Lareine: First, can you tell us what PFAN is?
Tammy: We are led by parents who have lived experience of child protection interventions. Our allies include social workers and social work academics. We believe that the current child protection system is oppressive. It doesn’t protect children and it undermines parents. Parents in poverty are judged severely and that is wrong. Poverty is not neglect!
Lareine: The government decided that the children’s social care system needed to be reviewed. Can you tell us about how PFAN has been communicating with the independent care review team?
Tammy: A year ago, we weren’t even sure it would be useful to talk to them because the government might not listen. And we still don’t know what will be in their final report.

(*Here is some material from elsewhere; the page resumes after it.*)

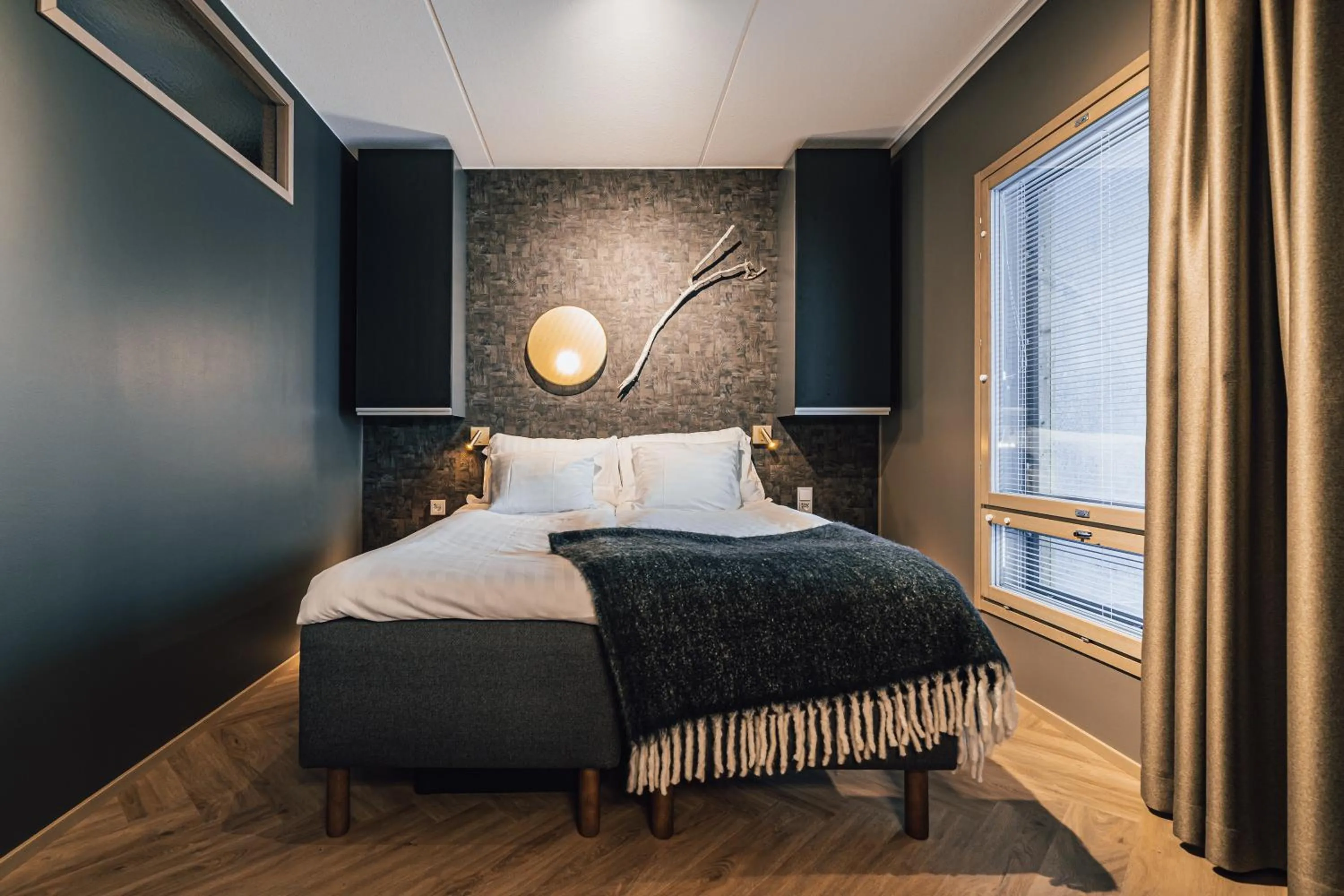 Bed in Tahko Spa Hotel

But I feel that at the end of the day, you shouldn’t criticise if you haven’t put in the work yourself to try to influence policy decisions.

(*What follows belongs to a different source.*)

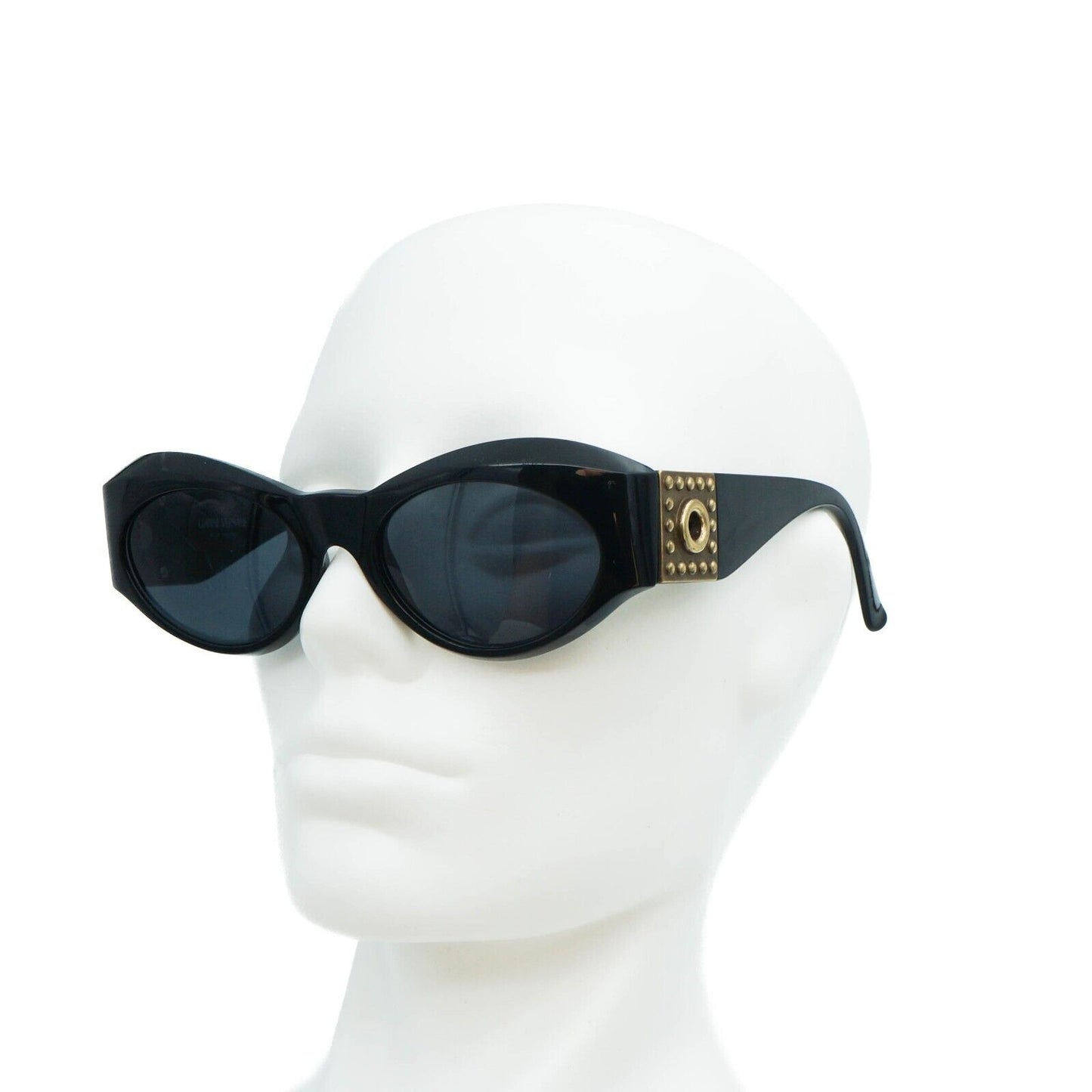 GIANNI VERSACE 394 Black Gold Sunglasses 90s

Lareine: You’re not closing your eyes and ears to people you disagree with. You’ve got to be in it to win it!
Tammy: Exactly! That’s why we’ve spent a year now having many conversations with them. It’s good we’re talking to them because Josh McAlister, the chair of the review, doesn’t have lived experience.
Lareine: Social services still don’t get the difference between poverty and neglect. They come in with a judgement against you. When you’ve been there, it can get really emotional. What has it been like talking to the review team?
Tammy: It can feel a bit funny when you’re talking about something traumatic. Once, I didn’t agree with what they were saying. But I was able to bring the conversation back to our main point. And I’ve always felt listened to.
Roles for parents; roles for allies
Lareine: How do you prepare before talking to the review team?
Tammy: We have a group just for parents. We need our own space with no judgement because some parents can’t speak up to tell people what they’re thinking. So we can be there for each other. Then the parents who can talk will take the points from the whole group to tell others what we’re all thinking.
Lareine: What about the allies in PFAN? What do they do?
Tammy: I know there are other groups where allies treat the people with lived experience in tokenistic ways. But PFAN is different. The allies believe that parents have the capacity to speak for ourselves. They have been there to help parents get our foot in the door to be able to speak to the review team. They also know that parents can be having really tough times and might need a break. They’re fighting for all parents to have a voice.
Lareine: So PFAN has been working on this for a year now and preparing a kind of shadow report. What is the situation now?
Tammy: In February, we published our own report on Children’s Social Care. It’s designed in a format that we knew would be useful for the review team. We made it as professional as possible, and we called our report “The Way Forward” because we see so many solutions to make things better.
Lareine: What kind of solutions?
Tammy: In some local authorities, parents who are dealing with child protection cases can be supported by a parent-to-parent advocate. We’re recommending that this be made mandatory in every local authority because it makes a huge difference to be supported by someone who has their own lived experience.
Lareine: I saw that the BBC and the British Association of Social Workers both took notice of PFAN’s report. That will make it hard for the care review team to ignore it! You are really flying high right now!
Tammy: The other day I got told that my confidence has grown so much, and my passion. It’s true. We’ve all got a story, and there’s so much we need to speak about. When the care review team report comes out, if we see that they haven’t listened to us enough, we might add to our own report. People with lived experience need their voices to be heard.
Lareine: Now before we stop, our job is to ask everyone here a question that we can discuss in small groups. We have heard Tammy talk about the challenge of working with people we might not agree with, and also about how people with lived experience and allies can work together in ways that are not tokenistic. I’d like to know, for others in this room:
When you have the chance to talk to people whose experience and views are different from yours, what do you need to feel able to contribute? What do you think helps to make this kind of conversation work well?